§ **SOURCE RECORDS**:

= = = = =

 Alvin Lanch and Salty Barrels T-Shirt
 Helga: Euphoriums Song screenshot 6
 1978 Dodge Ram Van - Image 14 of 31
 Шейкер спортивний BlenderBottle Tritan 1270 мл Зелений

= = = = =

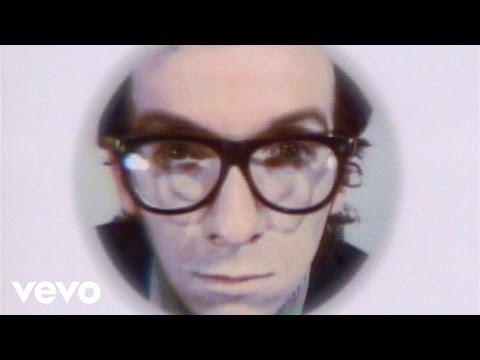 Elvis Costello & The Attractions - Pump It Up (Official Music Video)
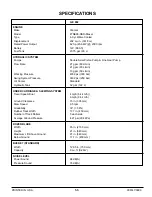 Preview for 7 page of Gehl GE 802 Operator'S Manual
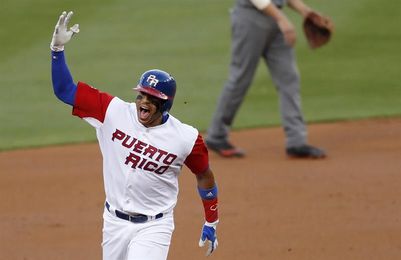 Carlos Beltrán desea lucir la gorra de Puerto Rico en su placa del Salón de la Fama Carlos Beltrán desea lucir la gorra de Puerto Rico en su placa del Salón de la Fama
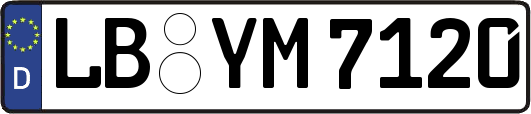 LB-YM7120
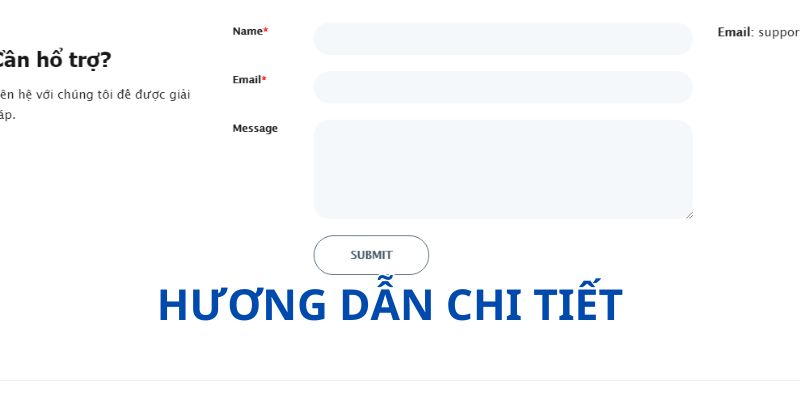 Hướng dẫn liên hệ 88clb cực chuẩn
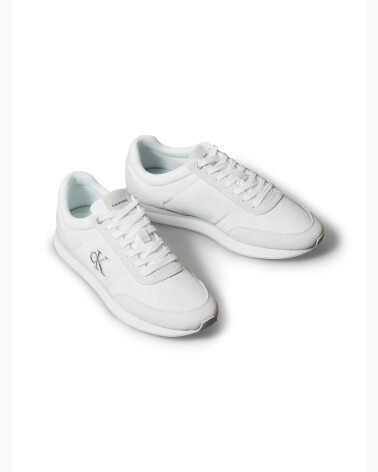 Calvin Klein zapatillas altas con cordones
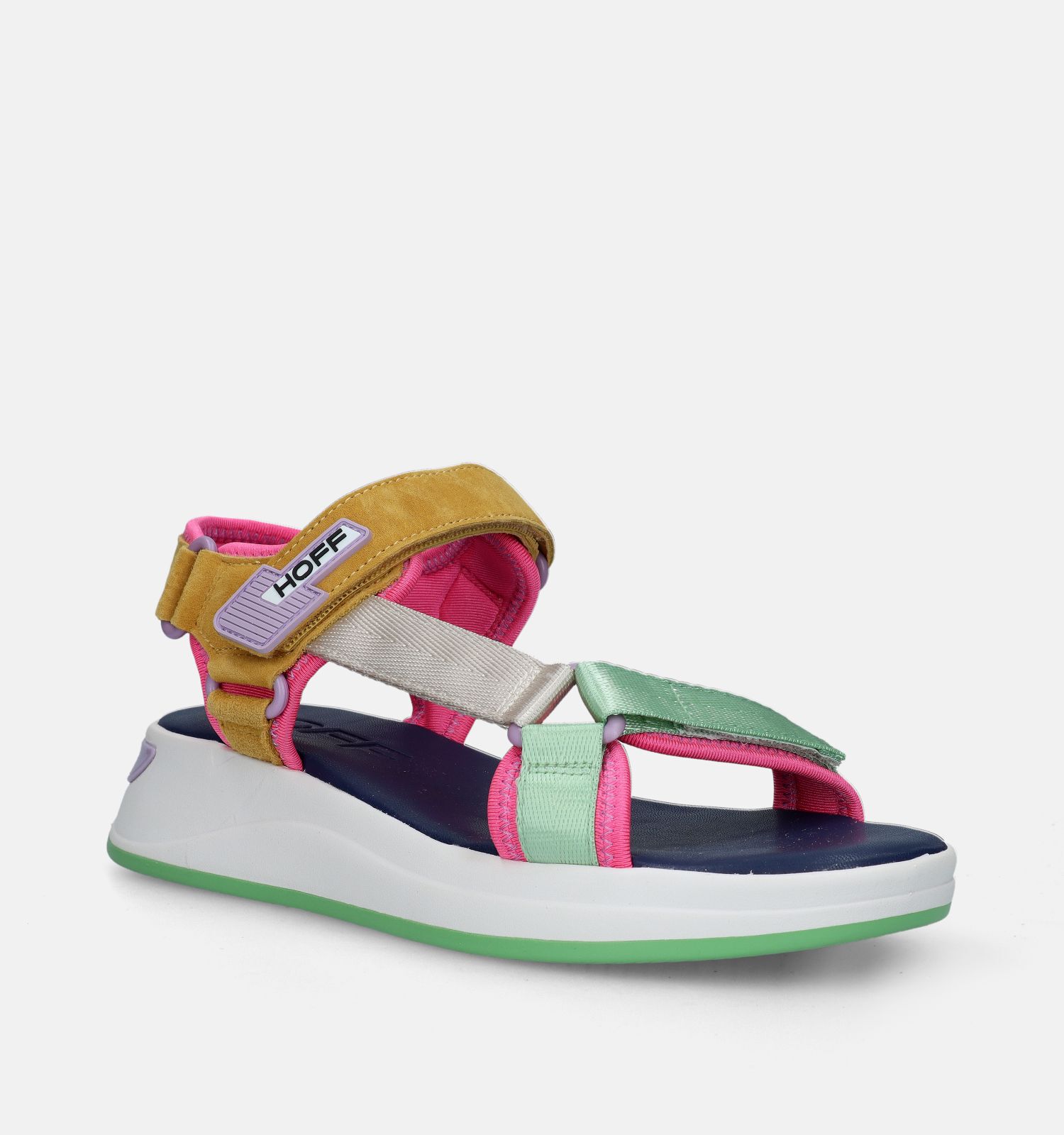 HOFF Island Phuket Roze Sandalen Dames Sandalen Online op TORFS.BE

= = = = =

§ **ACTIVITY**:
Look through the entries above and quote exactly the lines from the line with "Alvin Lanch and Salty Barrels T-Shirt" to the line with "Шейкер спортивний BlenderBottle", counting both of those lines.

§ **EXERCISE OUTPUT**:
 Alvin Lanch and Salty Barrels T-Shirt
 Helga: Euphoriums Song screenshot 6
 1978 Dodge Ram Van - Image 14 of 31
 Шейкер спортивний BlenderBottle Tritan 1270 мл Зелений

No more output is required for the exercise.